There are various possibilities for the origin of this methane. One is that it is released by geological processes such as volcanoes or a chemical process occurring within rocks called serpentinisation. This is not as exciting as it sounds (no snakes, I’m afraid) – it is simply a slow chemical reaction between olivine (a mineral found on Mars) carbon dioxide and water which can produce methane.  Another is that there is a large reservoir of methane locked away in the ice below the Martian surface and as the temperature varies some of the ice may melt, thus releasing the methane into the atmosphere.

A fascinating possibility is that the methane is created by microorganisms below the planet’s surface.  On Earth more than 90% of methane in the atmosphere is produced by living organisms (ESA 2014). There are over 50 species of microorganisms known as methanogens that live off organic matter and produce methane as a waste product.  These microorganisms are found not only in wetlands (producing what is known as marsh gas) and in the soil but also in the guts of many animals such as cows and humans.  At the risk of sounding somewhat vulgar, the methane gas escapes from both cattle and ourselves in the form of flatulence.



What will the TGO measure?

The TGO will measure how the methane content of Mars’s atmosphere varies with space and time. It will also be able to measure the concentration of other gases such as sulphur dioxide (which on Earth is normally associated with volcanic activity) and organic compounds such as ethane, methanol and formaldehyde (which on Earth are produced by living organisms).  Although the TGO won’t be able to say for definite what the sources of the methane found on Mars are, if the concentration of methane were found to vary with the seasons and also if methane were found in conjunction with other organic chemicals it would point towards a biological origin.
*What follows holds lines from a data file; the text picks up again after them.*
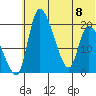 Naknek tide chart for Saturday, July 8, 2023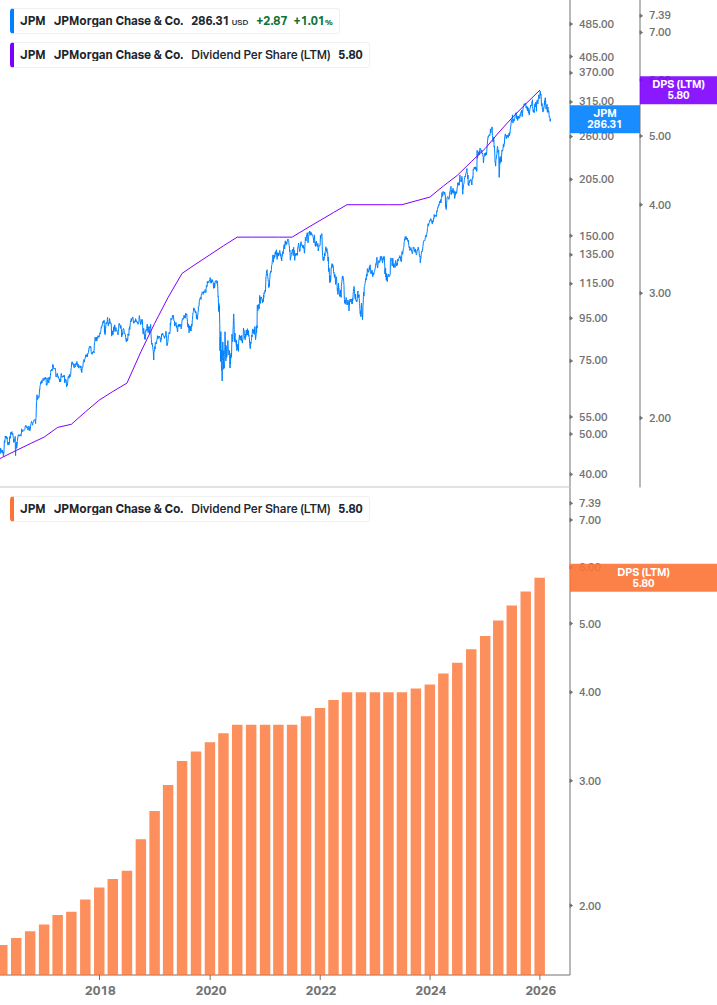 Dividend Growth Chart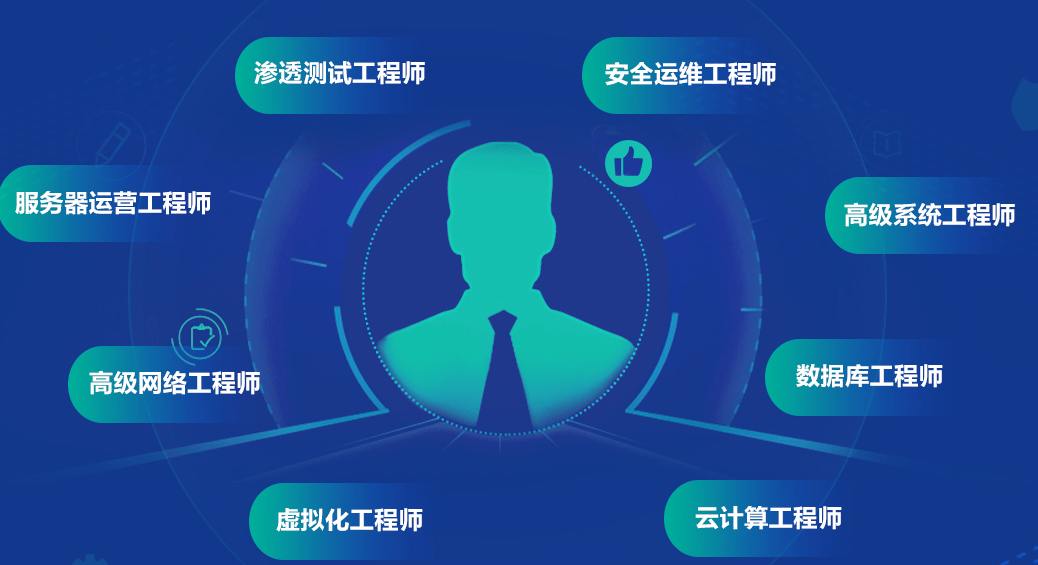 【必一Bsports】评估网络信息服务对不同用户群体的适应性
How long with the mission be?

The TGO is a joint mission between the European Space Agency (ESA) and the Russian Space Agency (Roscosmos).  The mission is described in more detail on ESA  (2016).  Now it has arrived at Mars it will spend a year gradually adjusting its orbit and by December 2017 it will be  in a low circular orbit only 400 km above the Martian surface where it will spend the next 5 years mapping the methane distribution.
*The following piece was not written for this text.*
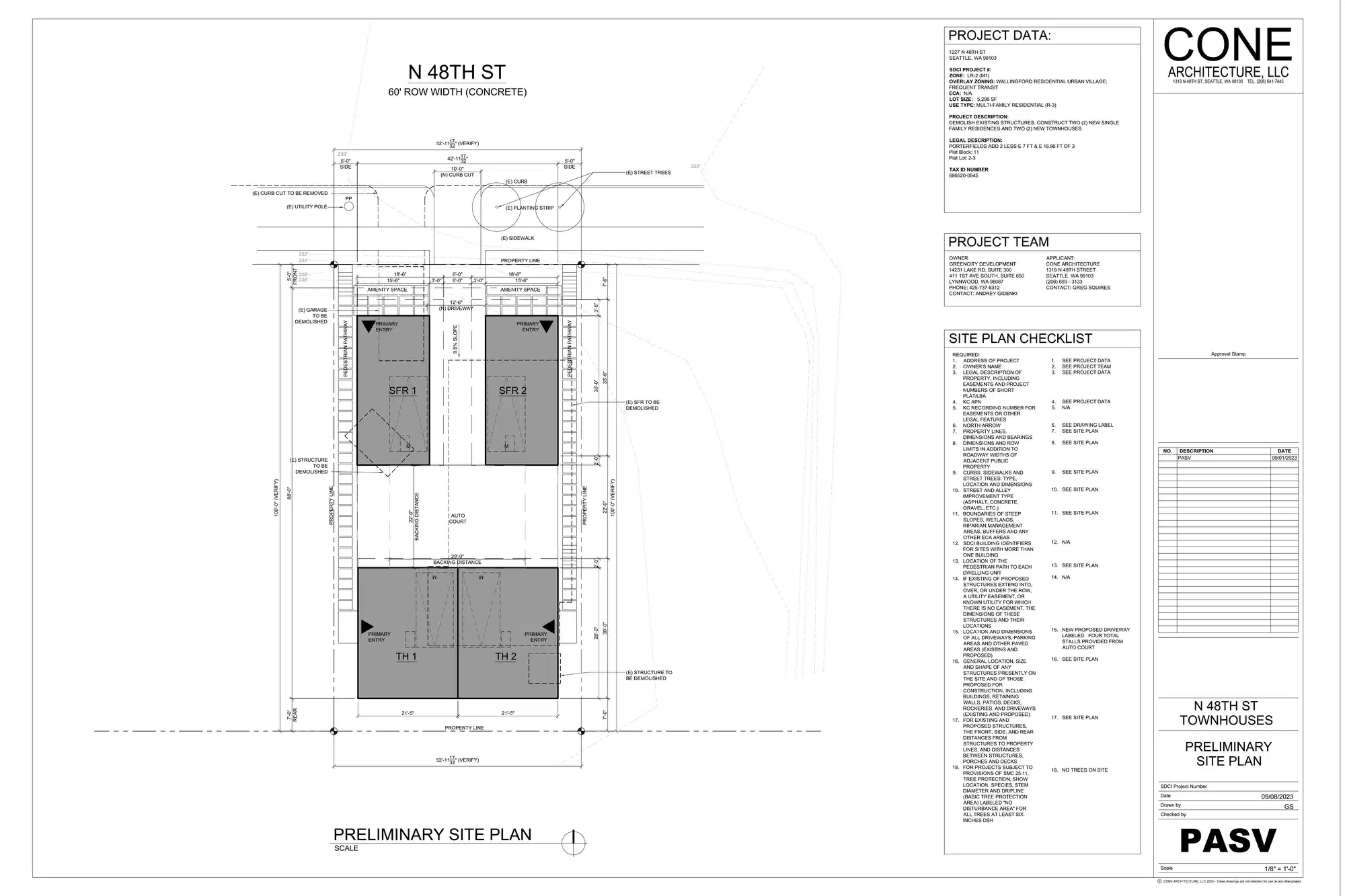 Site plan for 1227 N 48th St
ESA (2004) Mars Express Confirms Methane in the Martian Atmosphere, Available at: 20 March 2016).

ESA (2014) The enigma of methane on Mars, Available at: (Accessed: 20 March 2016).

ESA (2016) Robotic exploration of Mars, Available at: (Accessed: 20 March 2016)

16 thoughts on “Schiaparelli on Mars.”

  1. I’m so excited about the possibility of life on Mars. It’s kind of funny the probe was named after Schiaparelli, who indirectly started the “Martian canals” phenomenon. It was obviously wrong, but it contributed so much to science fiction.

    Liked by 1 person

      1. Incredibly massive. How do you think this would affect future Mars missions? Do you think we’d have to stop sending probes to Mars, so as not to risk contaminating the life on the planet? Or would we just have to change the process to avoid contamination?

        Liked by 1 person

  2. Though not a scientist by education, by inclination I am captivated by the mysteries and possibilities that continually unfold. Thanks so much for expanding my world. It is fascinating to read in language I can grasp about the continuous endeavors to discover. Methane. Who knew the excitement behind finding the source. I am waiting to hear the results – someday.